7. The constructed wetland device with the heat preservation function as claimed in claim 1, which is characterized in that: the fixed denitrification component comprises a plurality of immobilized microorganism components (25) fixedly connected with the inner part of the cylinder wall (9), one side, far away from the cylinder wall (9), of each immobilized microorganism component (25) is higher than one side, close to the cylinder wall (9), of each immobilized microorganism component (25), and the immobilized microorganism components (25) are arranged in a mutually staggered mode.

8. The constructed wetland device with the heat preservation function as claimed in claim 7, characterized in that: the immobilized microorganism assembly (25) comprises a second immobilized microorganism plate (2501) and a frame (2502), the section of the second immobilized microorganism plate (2501) is of a wave-shaped structure, two sides of the second immobilized microorganism plate (2501) are fixedly connected with the frame (2502), and the edge of the frame (2502) is fixedly connected with the cylinder wall (9).

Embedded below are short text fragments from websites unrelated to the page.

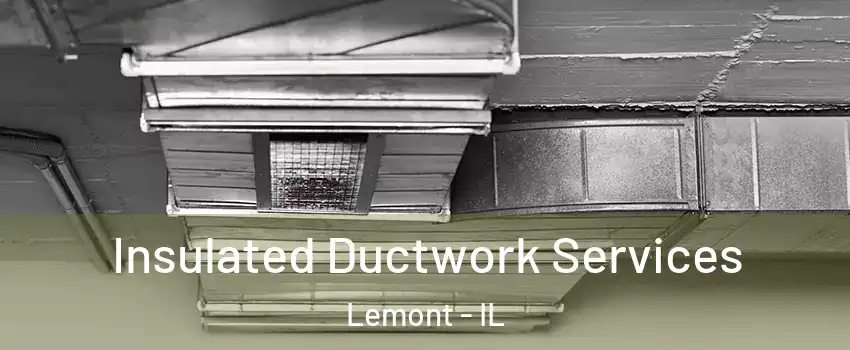  Insulated Ductwork Services Lemont - IL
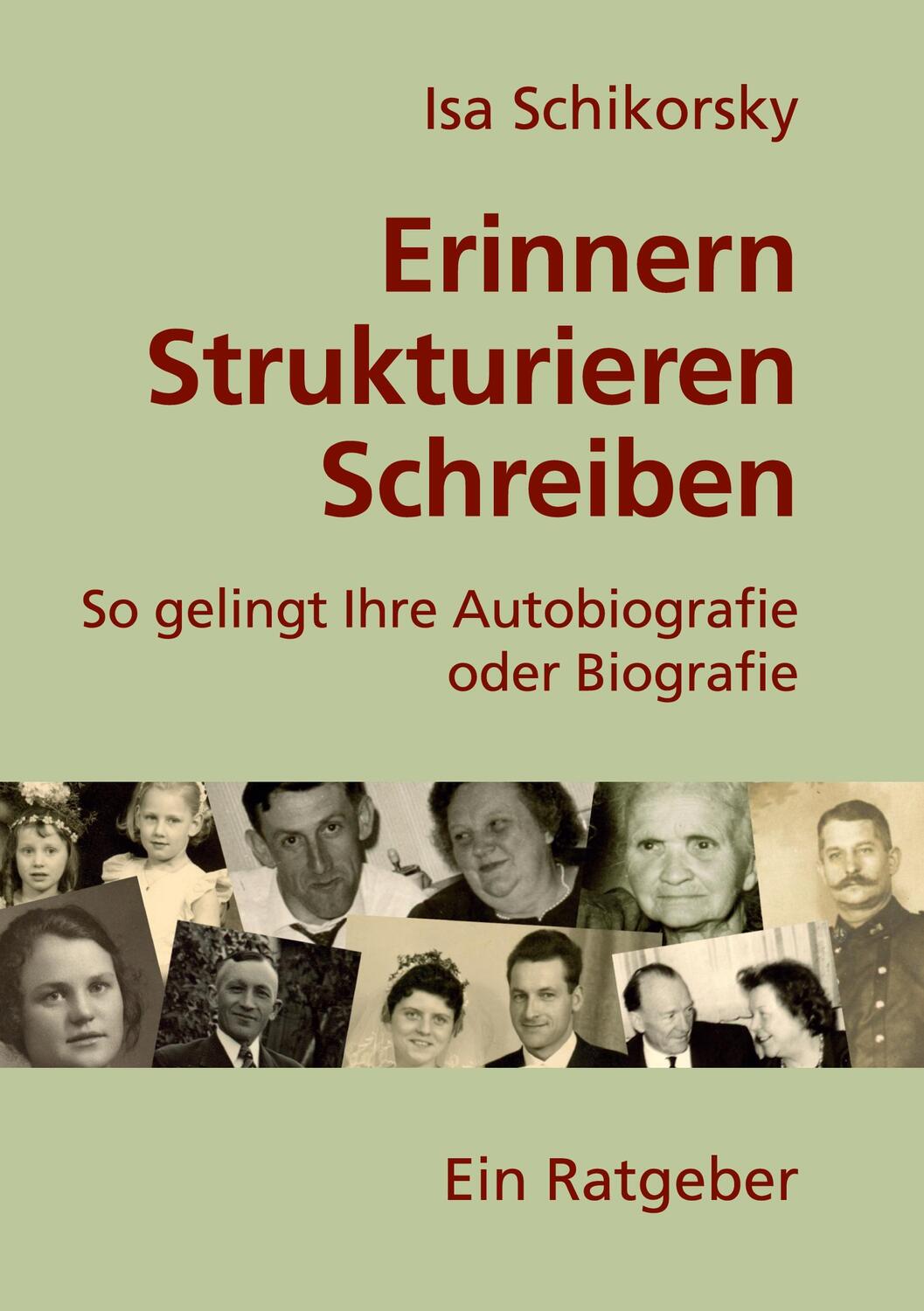 Cover: 9783746089447 | Erinnern, Strukturieren, Schreiben | Isa Schikorsky | Taschenbuch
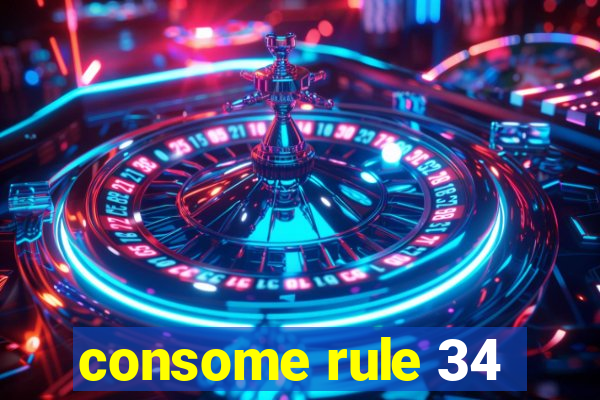 consome rule 34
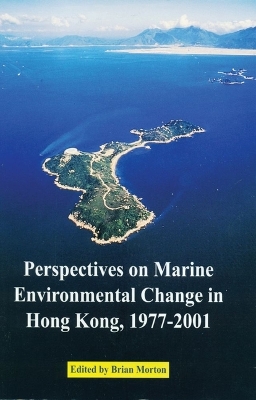 Book cover for Perspectives on Marine Environmental Change in Hong Kong, 1977–2001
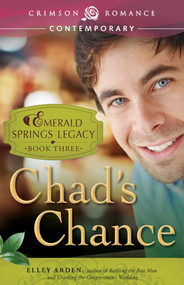 Chad's Chance by Elley Arden, 9781440571015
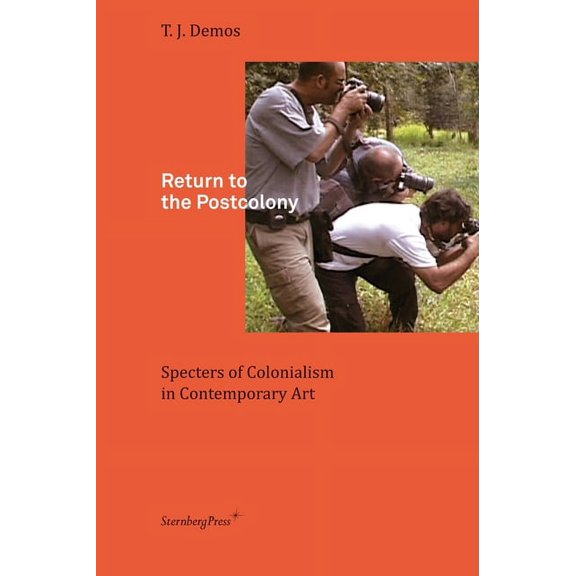 Return to the Postcolony : Specters of Colonialism in Contemporary Art (Paperback)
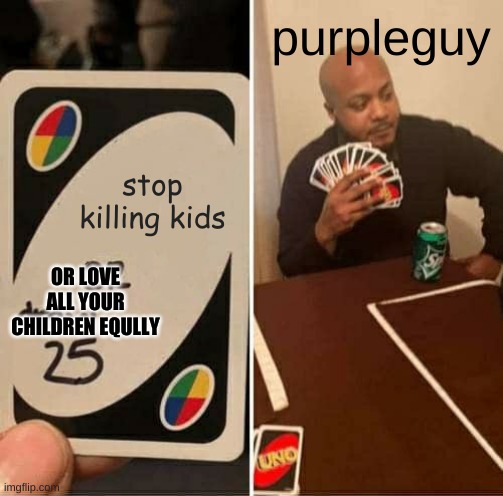 UNO Draw 25 Cards | purpleguy; stop killing kids; OR LOVE ALL YOUR CHILDREN EQULLY | image tagged in memes,uno draw 25 cards | made w/ Imgflip meme maker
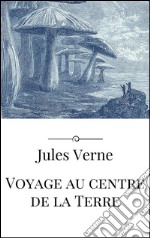 Voyage au centre de la Terre. E-book. Formato EPUB ebook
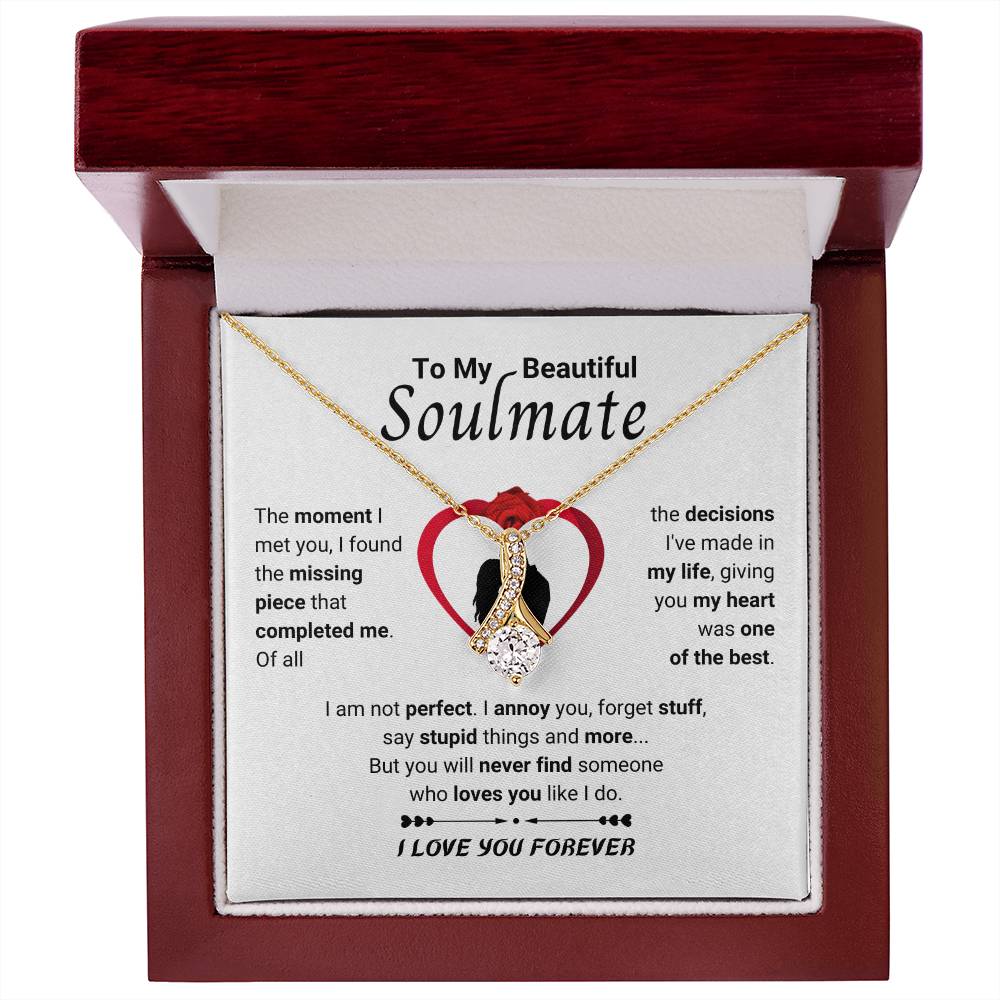 To My Beautiful Soulmate Necklace - Romantic Necklace Gift for Her for Valentine’s Day & Special Occasions - Alluring Beauty Necklace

9. The constructed wetland device with the heat preservation function as claimed in claim 1, which is characterized in that: the part of the water inlet pipe (19) located on the cylinder wall (9) is provided with a plurality of through holes, the top end of the part of the water inlet pipe (19) located outside the artificial wetland pool (1) is provided with a liquid valve (21) and a liquid flowmeter (24), and the liquid flowmeter (24) is located below the liquid valve (21).

10. The constructed wetland device with the heat preservation function as claimed in claim 1, which is characterized in that: the part of the aeration pipe (20) located inside the artificial wetland pool (1) is provided with a plurality of through holes, one end of the aeration pipe (20) far away from the through holes is provided with a gas valve (22) and a gas flowmeter (23), and the gas flowmeter (23) is located below the gas valve (22).